■ EXERCISE DIRECTIONS ■
Would you set down the data that follows, word for word, without any pictures?

■ INFORMATION SUPPLIED ■
'''
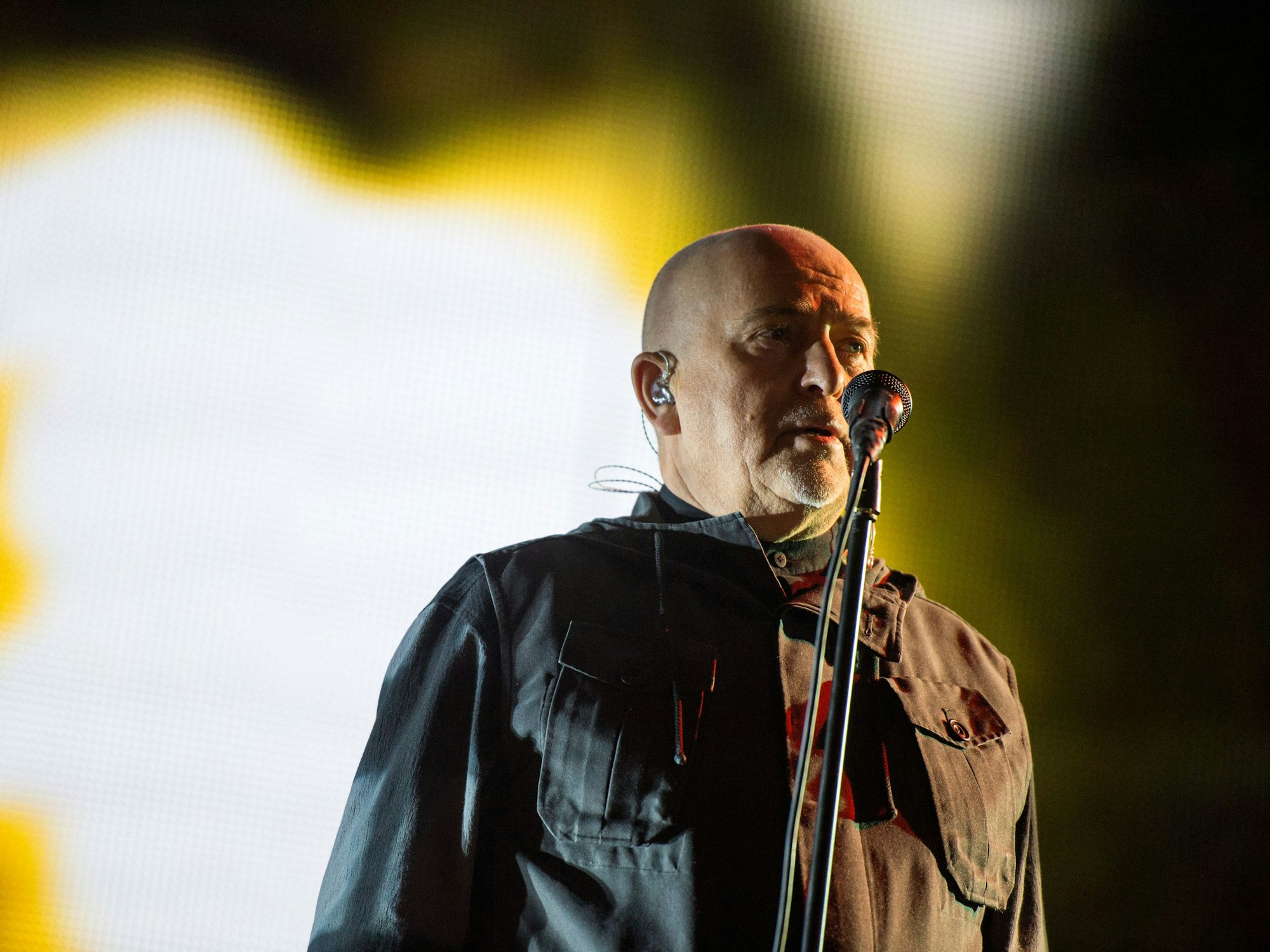 Sänger Peter Gabriel singt beim Bürgerfest vor dem Brandenburger Tor in Berlin.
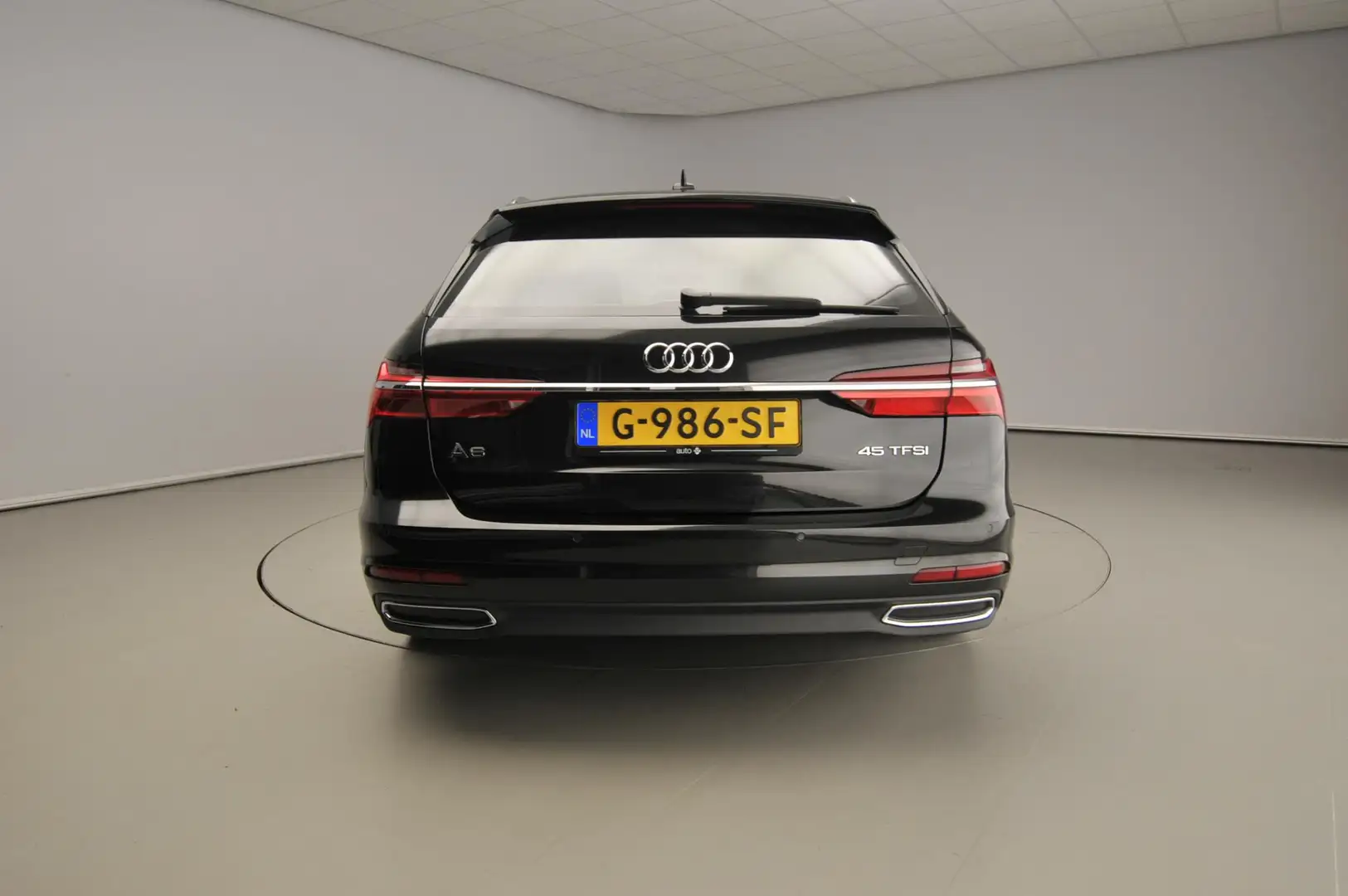 Audi A6 Avant 45 TFSI Pro Line | Trekhaak | 20" | Leder | Zwart - 2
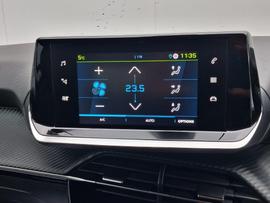 Peugeot E-208 Photo 15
'''
■ EXPECTED OUTPUT ■
 Sänger Peter Gabriel singt beim Bürgerfest vor dem Brandenburger Tor in Berlin.
 Audi A6 Avant 45 TFSI Pro Line | Trekhaak | 20" | Leder | Zwart - 2
 Peugeot E-208 Photo 15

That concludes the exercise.